Turns out, I was still acting the amateur, thinking success as a writer was about finding the right idea or a big break. But the truth is that success in any field is more about commitment to a process than it is about finding one magic trick that will make it all come together.

from 7 Things Professional Writers Know That Amateurs Don’t — Goins, Writer

After yesterday’s post — er, rant — I decided to finish a draft I started back in July. It seemed appropriate because I want to be considered a professional writer, and not an amateur. In the introduction of his post Jeff hammers on the point that professionals need to care more about the process instead of the results.

As a writer, there are days I’m more obsessed with the results than the process. It’s an easy trap to fall into given the apparent success of other writers that slams me in the face every time I go to Facebook or Twitter. As a web developer, process and how it affects results is ingrained in my very being. One misplaced semicolon or a flaw in my logic and the website won’t behave the way I want it to. To become the professional I want to be, I need to balance the two.

Being a little less disciplined in process is not a completely bad thing because it allows me to flow with my ideas, instead of tripping over every word, looking for that perfect one. When it comes to how much I produce, though, I need to be a little more logical and diligent. Although I know I should write every day, there are some days I don’t. My writing is tied to my  emotions, maybe too much so. Emotional connection is important because it is how readers identify with characters and embrace them. However, other than providing inspiration, emotions shouldn’t affect when or how often a writer writes.

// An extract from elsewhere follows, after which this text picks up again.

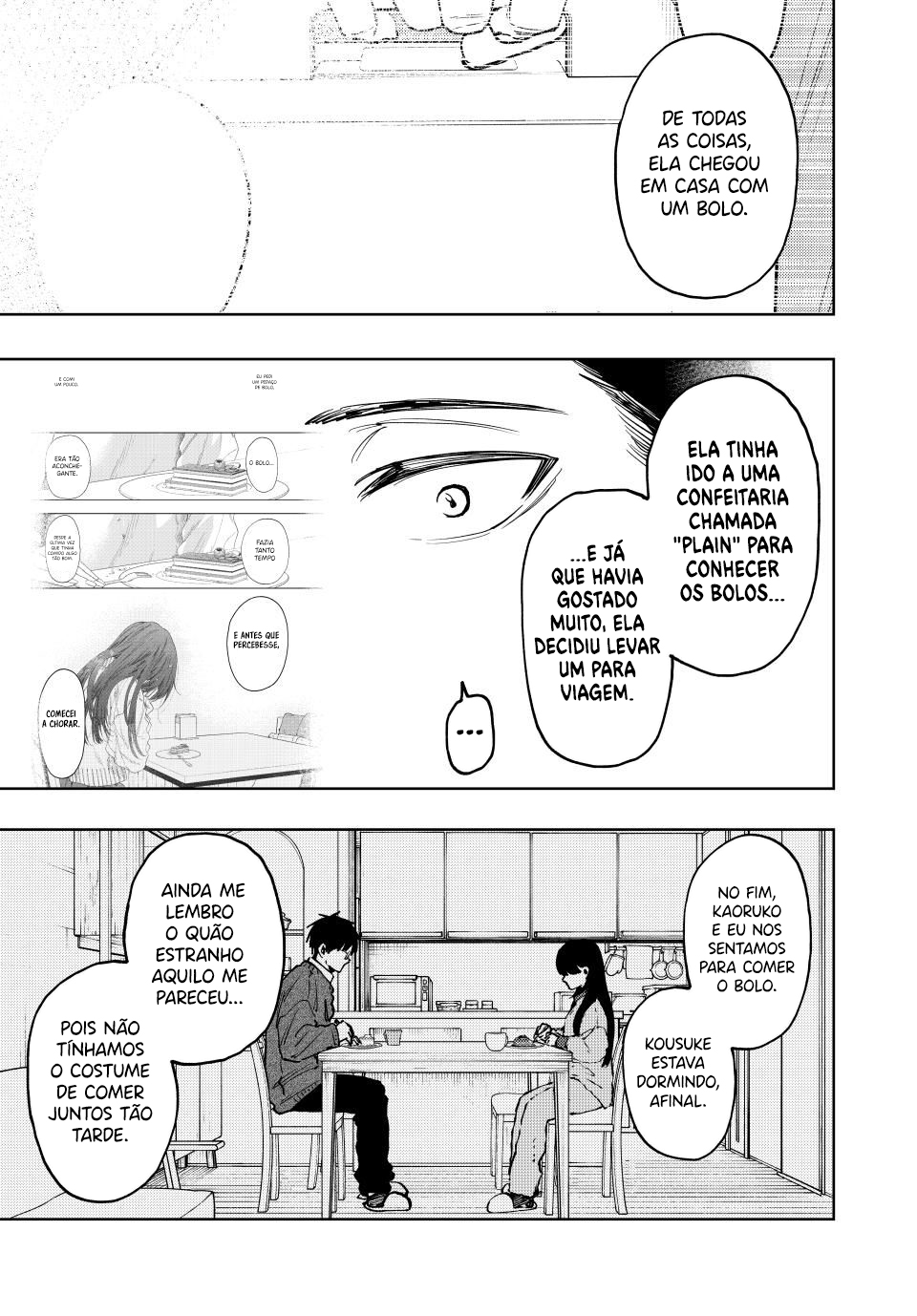 Read The Fragrant Flower Blooms with Dignity Português Manga Online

In his example for Amateurs practice as much as they have to. Pros never stop, Jeff asks two very poignant questions: “What if he [John Grisham] had decided it was too painful to get up to write at 5:00 am every day?” Or even better, “What if he’d given into the overwhelming feeling of writing a novel on top of 70-hour work weeks?” I have a simple answer to both based on my own experience. It would have taken him longer than he expected to publish his first book and he might have considered quitting several times.

Stopping myself from doing another blog was probably a very good idea and is covered by the points of Amateurs leap for their dreams. Pros build a bridge and Amateurs build a skill. Pros build a portfolio. LHE is my portfolio site, it’s doesn’t need to be another writing one. Sure, it highlights my writing, but that’s part of my portfolio and who I am. I already have three sites dedicated to writing, two for me and one for my fellow indies. What I need to do is build a bridge between all of them, besides the links they already share, so they form the launching pad of my writing career.

My most favorite point in the article is the last one, Amateurs want to be noticed. Pros want to be remembered. When I first started writing, I didn’t care about the money. I still don’t, except for the practical relief it will bring. Writing for me has always been about making small subtle impacts on other people. Words require thought to create, they also create thought in their reading, so every time some reads what I write, I change their lives, even though they or me may never know it.

So am I an amateur or professional? I prefer the term semi-professional for now because I still have many things to learn.